» **SUPPLIED RECORDS**
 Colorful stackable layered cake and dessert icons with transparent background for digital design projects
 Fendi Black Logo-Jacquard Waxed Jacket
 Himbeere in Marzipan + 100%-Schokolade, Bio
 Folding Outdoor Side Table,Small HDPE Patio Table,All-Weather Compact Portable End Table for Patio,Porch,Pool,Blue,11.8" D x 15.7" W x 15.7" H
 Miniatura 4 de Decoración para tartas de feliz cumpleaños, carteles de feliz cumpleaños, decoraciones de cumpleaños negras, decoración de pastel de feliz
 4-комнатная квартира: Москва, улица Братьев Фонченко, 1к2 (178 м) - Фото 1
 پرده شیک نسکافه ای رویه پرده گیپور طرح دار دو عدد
---
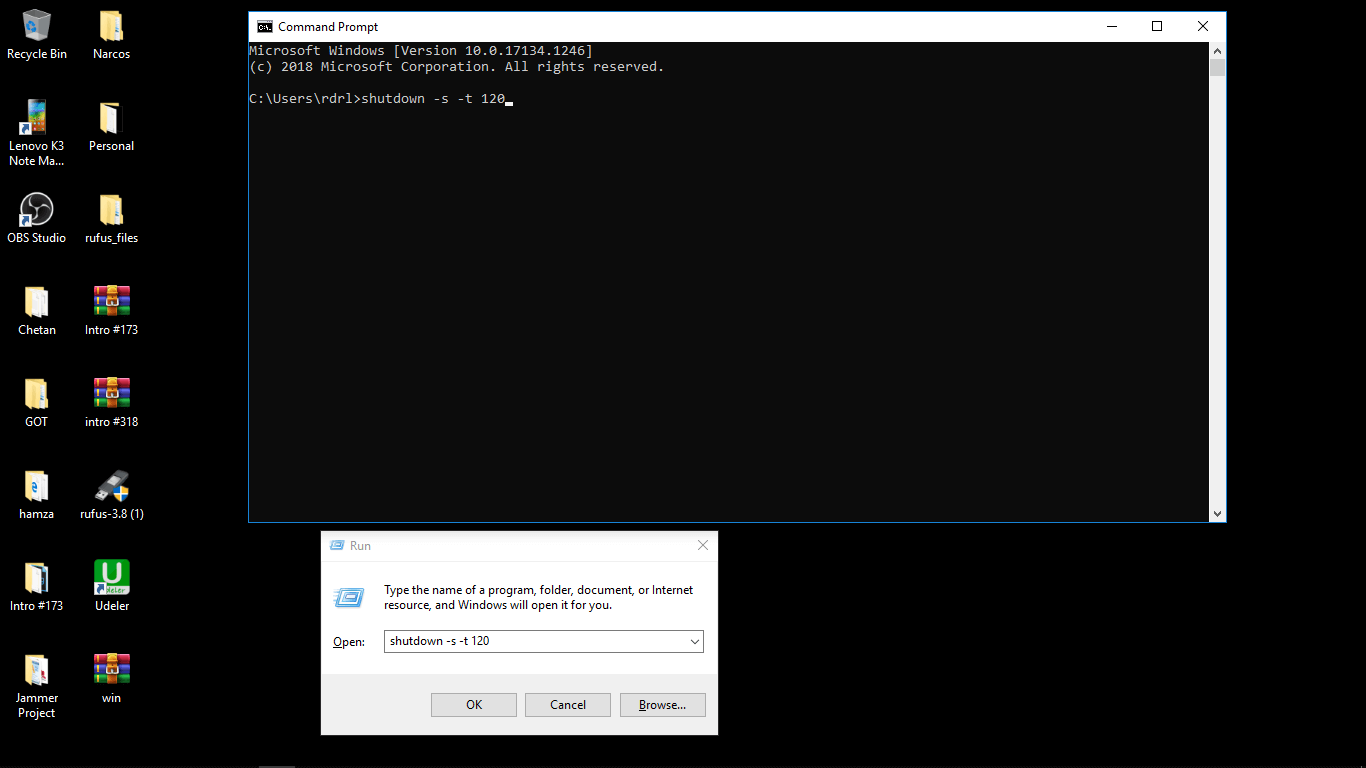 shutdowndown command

» **PROBLEM TO SOLVE**
The exact lines of the material above starting at the one that contains "Miniatura 4 de" and ending at the one that contains "پرده شیک نسکافه" are what to retype; leave out everything else.

» **ANSWER BELOW**
 Miniatura 4 de Decoración para tartas de feliz cumpleaños, carteles de feliz cumpleaños, decoraciones de cumpleaños negras, decoración de pastel de feliz
 4-комнатная квартира: Москва, улица Братьев Фонченко, 1к2 (178 м) - Фото 1
 پرده شیک نسکافه ای رویه پرده گیپور طرح دار دو عدد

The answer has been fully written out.